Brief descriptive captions
<<<<
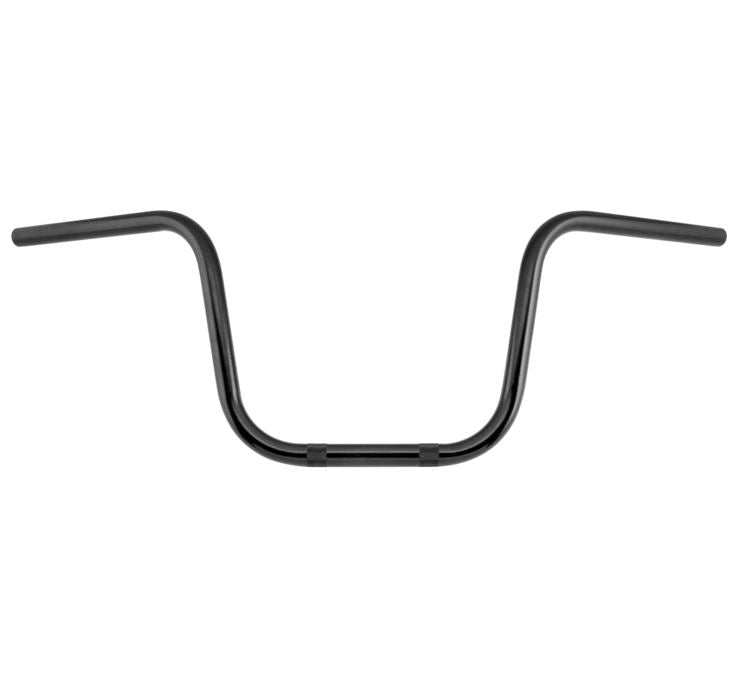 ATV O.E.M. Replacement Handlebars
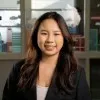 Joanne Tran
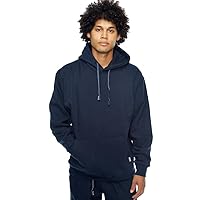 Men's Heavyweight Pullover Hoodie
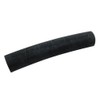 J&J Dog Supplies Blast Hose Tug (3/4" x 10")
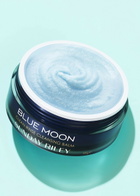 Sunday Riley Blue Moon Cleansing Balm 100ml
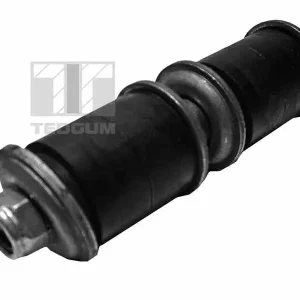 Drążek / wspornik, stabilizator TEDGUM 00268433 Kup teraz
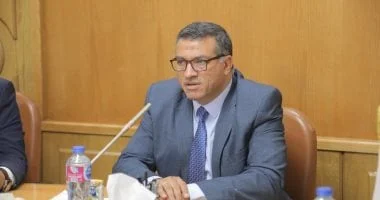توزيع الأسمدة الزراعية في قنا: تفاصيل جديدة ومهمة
>>>>
<<<<
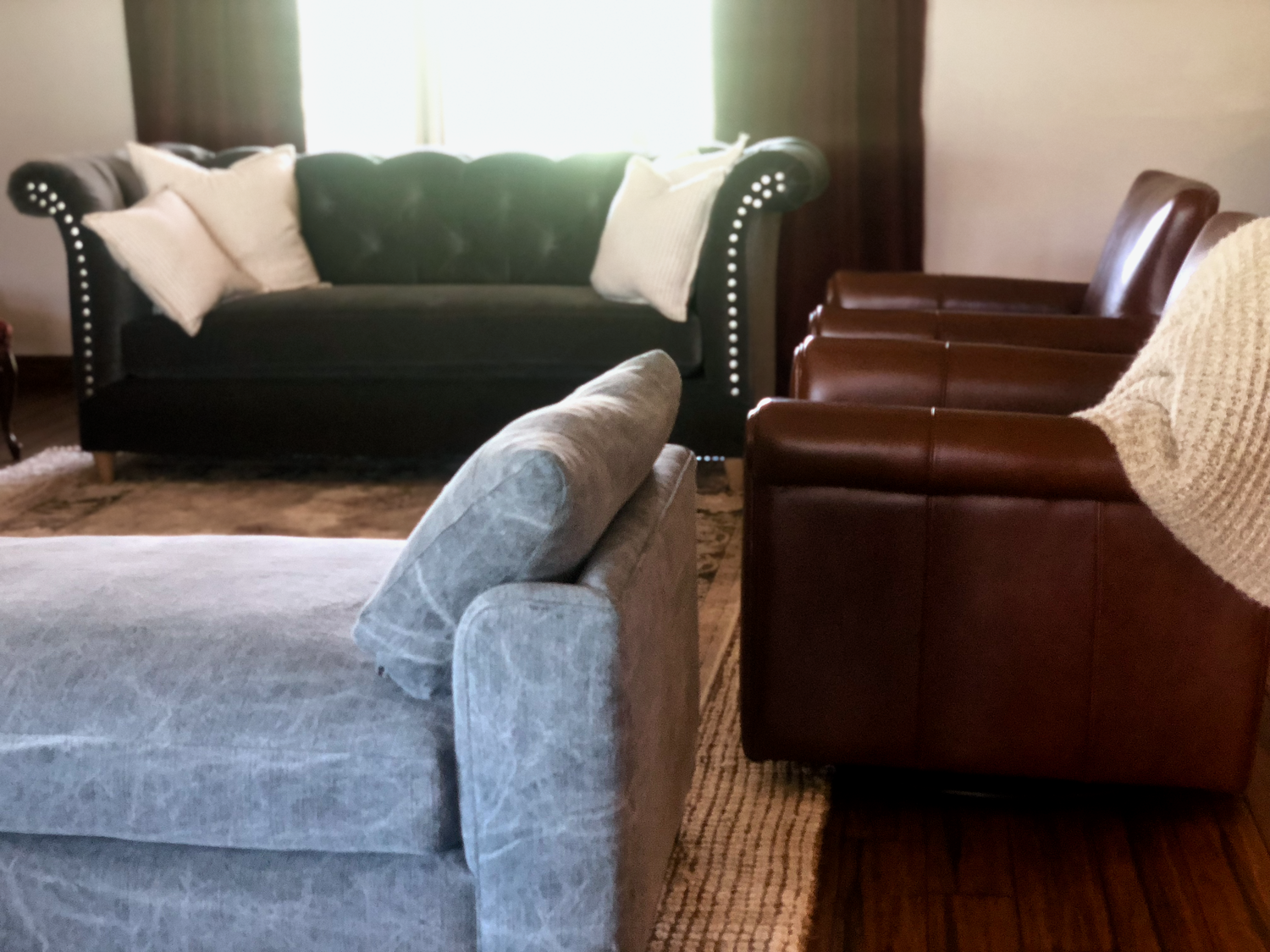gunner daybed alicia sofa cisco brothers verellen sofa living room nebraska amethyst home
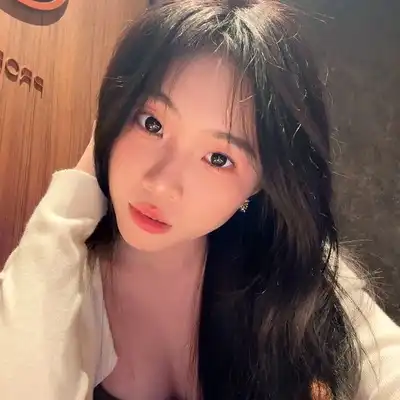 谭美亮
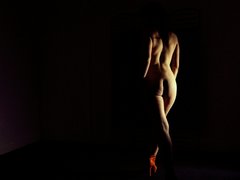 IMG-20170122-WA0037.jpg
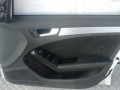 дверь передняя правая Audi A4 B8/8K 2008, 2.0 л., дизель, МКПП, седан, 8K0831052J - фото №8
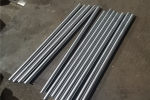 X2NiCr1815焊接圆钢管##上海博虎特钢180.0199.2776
>>>>
__Task instructions__. Exactly reproduce the lines above, starting at the one that contains "IMG-20170122-WA0037.jpg" and ending at the one that contains "X2NiCr1815焊接圆钢管##上海博虎特钢180.0199.2776", both inclusive; leave the pictures out and add no other lines.

__Finished exercise__.
 IMG-20170122-WA0037.jpg
 дверь передняя правая Audi A4 B8/8K 2008, 2.0 л., дизель, МКПП, седан, 8K0831052J - фото №8
 X2NiCr1815焊接圆钢管##上海博虎特钢180.0199.2776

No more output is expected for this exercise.